Ao nível da opção de encenação, a ideia de espaço vazio domina a cena. É muito bonita a imagem da tela vazia passar por Jeanne quando Modigliani a retrata. Quase sentimos o arrebatamento de que Poe nos fala no seu conto O Retrato Oval. Quando Modigliani consegue, finalmente, pintar os olhos de Jeanne, ela morre por amor. Também é interessante a projecção no tecto das telas censuradas com os nus, na exposição individual de Modigliani. Mas a alma de Jeanne talvez merecesse ser revelada no final do espectáculo, quando exibem a tela do concurso em que Modigliani se sagrou vencedor no concurso anual dos artistas de Paris, projectando-a na tela em branco. Esse talvez fosse o momento necessário para o confronto entre a arte, o desejo e o amor. Todos os sentimentos que serviram a vida de Modigliani concentrados numa tela.
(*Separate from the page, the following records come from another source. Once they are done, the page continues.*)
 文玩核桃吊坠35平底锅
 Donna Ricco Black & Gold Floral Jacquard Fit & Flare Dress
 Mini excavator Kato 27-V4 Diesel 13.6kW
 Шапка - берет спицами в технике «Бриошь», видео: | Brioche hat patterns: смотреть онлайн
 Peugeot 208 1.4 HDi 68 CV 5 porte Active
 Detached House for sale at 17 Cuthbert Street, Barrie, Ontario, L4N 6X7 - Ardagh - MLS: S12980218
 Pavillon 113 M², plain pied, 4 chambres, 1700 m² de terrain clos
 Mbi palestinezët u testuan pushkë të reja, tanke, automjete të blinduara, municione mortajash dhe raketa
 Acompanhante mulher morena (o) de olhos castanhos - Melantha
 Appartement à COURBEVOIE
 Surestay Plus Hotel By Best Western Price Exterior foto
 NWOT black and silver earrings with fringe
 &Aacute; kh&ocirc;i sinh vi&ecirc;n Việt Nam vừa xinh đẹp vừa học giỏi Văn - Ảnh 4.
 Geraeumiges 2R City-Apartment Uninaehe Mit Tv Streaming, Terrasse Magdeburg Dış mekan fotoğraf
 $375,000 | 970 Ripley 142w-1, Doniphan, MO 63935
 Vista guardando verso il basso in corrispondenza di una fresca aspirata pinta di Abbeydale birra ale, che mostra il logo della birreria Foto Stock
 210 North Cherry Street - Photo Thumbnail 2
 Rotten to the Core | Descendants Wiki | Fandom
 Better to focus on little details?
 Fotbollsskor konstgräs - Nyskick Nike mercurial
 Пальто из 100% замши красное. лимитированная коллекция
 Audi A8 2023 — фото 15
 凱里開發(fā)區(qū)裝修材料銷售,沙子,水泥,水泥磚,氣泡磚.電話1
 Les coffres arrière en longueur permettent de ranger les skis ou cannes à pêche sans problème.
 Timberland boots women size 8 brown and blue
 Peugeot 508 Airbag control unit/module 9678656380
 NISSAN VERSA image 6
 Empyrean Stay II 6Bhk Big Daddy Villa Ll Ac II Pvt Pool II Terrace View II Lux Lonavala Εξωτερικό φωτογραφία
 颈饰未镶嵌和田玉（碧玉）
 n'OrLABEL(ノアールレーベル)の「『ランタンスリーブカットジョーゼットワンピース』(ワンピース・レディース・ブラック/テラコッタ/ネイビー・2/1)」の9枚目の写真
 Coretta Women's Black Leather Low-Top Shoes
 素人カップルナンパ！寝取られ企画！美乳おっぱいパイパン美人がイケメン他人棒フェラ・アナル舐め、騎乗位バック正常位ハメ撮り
Os ritmos que os actores utilizavam nas suas contracenas eram os adequados. As pausas, as hesitações, os olhares constituíam, por si só, uma sinfonia latente que se sentia ao longo do espectáculo. Os actores, sobretudo nas interpretações de Modigliani e Jeanne, dialogavam através do silêncio, o que conferiu uma profundidade acrescida ao espectáculo. Mas se o espectáculo fala através dos olhares, dos ritmos, da pintura, dos corpos, sentiu-se a falta do vestido de veludo azul com que Jeanne pousou para Modigliani. Aquele vestido que ele roubou para lhe vestir a alma.
No geral foi um espectáculo tocante, com interpretações consistentes, com um suporte musical adequado às emoções que os actores transmitiam, mas ao qual faltou alguma paixão. Aquela que se tem quando se reconhece o verdadeiro amor.